Et ne nous y trompons pas : il n’est pas de ces généalogistes à la petite semaine qui meublent une retraite paisible en écumant les archives départementales. Son Limoëlan est le fruit d’une subtile enquête lancée sur les traces de son héros, qui, au départ d’un château familial en Bretagne, a conduit l’auteur jusqu’à Baltimore dans le Maryland. Freiné par une facétieuse épidémie mais de caractère opiniâtre, d’Ambrières ira jusqu’au bout de son projet.

La vie de Joseph de Limoëlan, aristocrate et antirévolutionnaire, est des plus remuantes. Elle traverse la Révolution comme une météorite, et ce n’est pas le moindre mérite de l’auteur d’avoir su la décrire sous toutes ses facettes. Le héros, tel Fantômas, change de nom au gré des fonctions qu’il exerce : chevalier de Limoëlan quand il émigre, on le nomme Pourleroy dans la chouannerie. Il devient Beaumont1 à Paris pour tromper Fouché, embarque vers l’Amérique sous le nom de Rénier, avant de reprendre le patronyme de Picot de Clorivière.

Le Premier Consul échappe à la mort

Pendant l’Émigration, Joseph apprend que son père Michel de Limoëlan est mort sur l’échafaud.

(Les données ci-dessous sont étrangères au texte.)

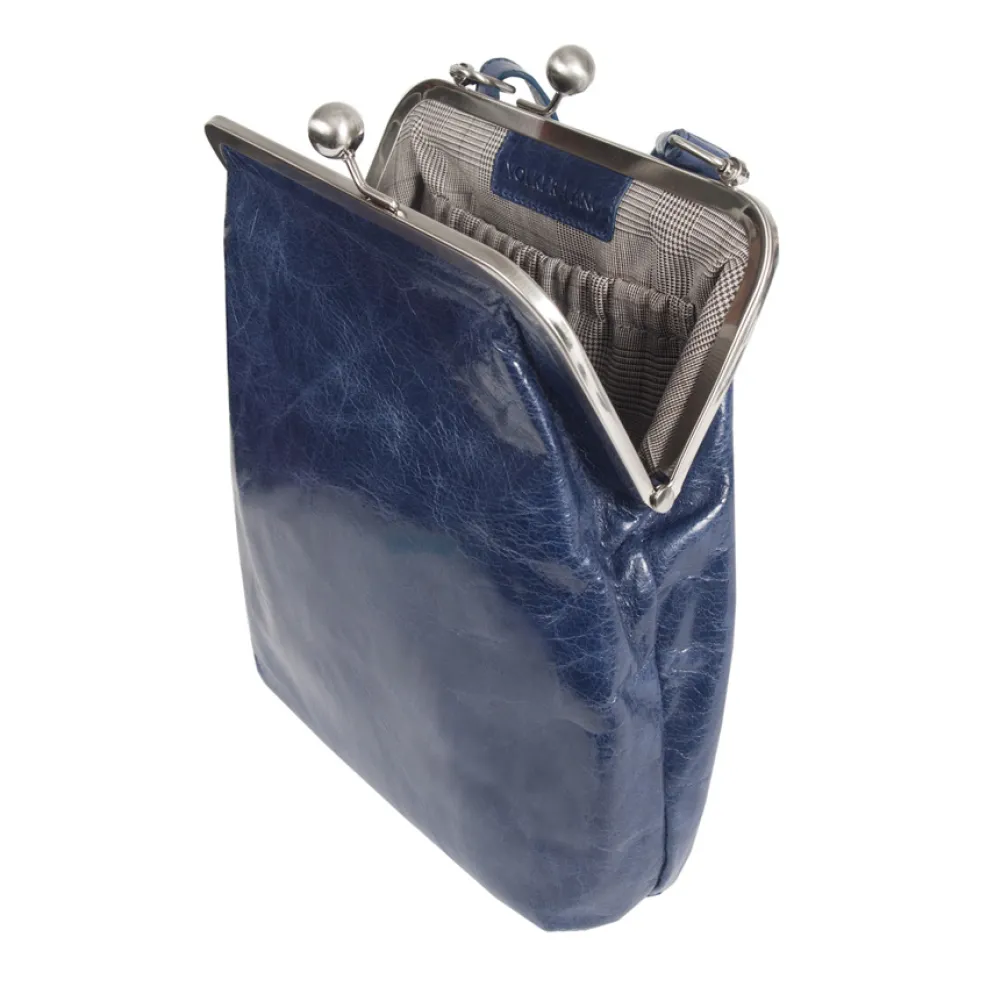 VOLKER LANG Ledertasche Lola Ink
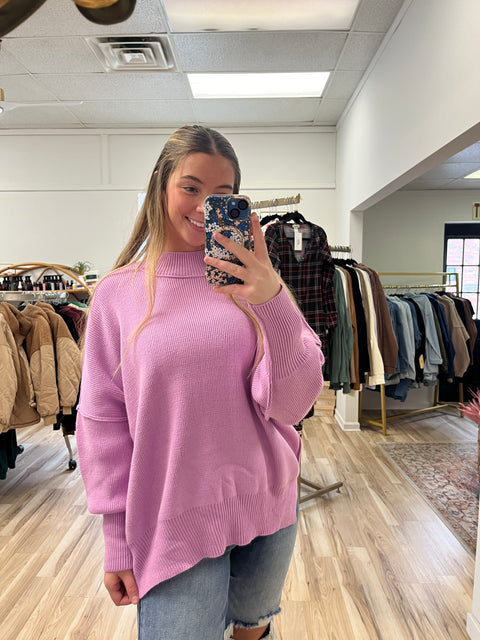 Living For Love-Mauve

Joseph écrit à sa sœur : « Tu as bien raison de citer mon père, jamais je ne pourrai valoir autant que lui. » Ce ne sera pas le seul moteur de son ressentiment. S’il est vrai que Limoëlan ne brillera pas dans la Compagnie Angoulême infanterie, il fera preuve de courage à la tête de la division Fougères, lors de la troisième chouannerie qui se déroule pendant le Directoire. Assurant les arrières de Bourmont, il contribue à reprendre Pontorson et même le Mans aux Républicains, avant de siéger à la table des négociations face au général de Hédouville. Le général promet qu’en échange de la paix le nom de Limoëlan sera retiré de la liste des insurgés. Promesse non tenue que le héros ne pardonnera pas au Premier Consul.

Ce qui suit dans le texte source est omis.